The Treasury Department and other U.S. agencies announced a coordinated federal policy Tuesday concerning carbon credits and other voluntary incentives to encourage businesses and agriculture to cut their carbon footprints.

Excessive carbon emissions from manufacturing, energy production, and agriculture are behind climate change expected to worsen without stronger interventions. The United States and other nations have adopted a goal of being “net zero” in carbon emissions by 2050.

To move toward that goal, a small slice of U.S. businesses have set their own objectives to reduce or eliminate their carbon emissions by a certain time. Some participate in a voluntary carbon market (VCM) as a path to reach their reduction goals.

In a VCM, a company receives a credit for every tonne of carbon dioxide emissions they reduce. Companies can buy and sell credits to suit their need for carbon reduction.

But VCMs have been riddled with carbon-reduction projects that “don’t deliver the positive climate impact they promised,” according to a Treasury press release.

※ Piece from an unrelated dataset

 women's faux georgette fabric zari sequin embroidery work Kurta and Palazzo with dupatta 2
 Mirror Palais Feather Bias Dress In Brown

Companies have steered clear of VCMs as a result.

The purpose of the agencies’ joint policy statement is to bring more integrity to VCMs and ultimately encourage more companies to participate, the Treasury said.

The 12-page statement urges businesses to have procedures to address the risk of double counting, double registration, double issuance, and double selling of credits and to start with a definite baseline measurement.

The statement follows efforts by other federal agencies to provide guidance about VCMs for their regulated industries. In December, the Commodity Futures Trading Commission proposed guidance about listing voluntary carbon credit derivative contracts.

The policy was directed by the White House and issued by Treasury Secretary Janet Yellen, National Economic Advisor Lael Brainard, Energy Secretary Jennifer Granholm, Agriculture Secretary Tom Vilsack, National Climate Advisor Ali Zaidi, and Senior Advisor for International Climate Policy John Podesta.

“Voluntary carbon markets can help unlock the power of private markets to reduce emissions, but that can only happen if we address significant existing challenges,” Yellen said in the Treasury’s release. “The principles released today are an important step toward building high-integrity voluntary carbon markets. This is part of the Biden administration’s ambitious efforts to tackle the climate crisis and accelerate a clean energy transition that benefits all Americans.”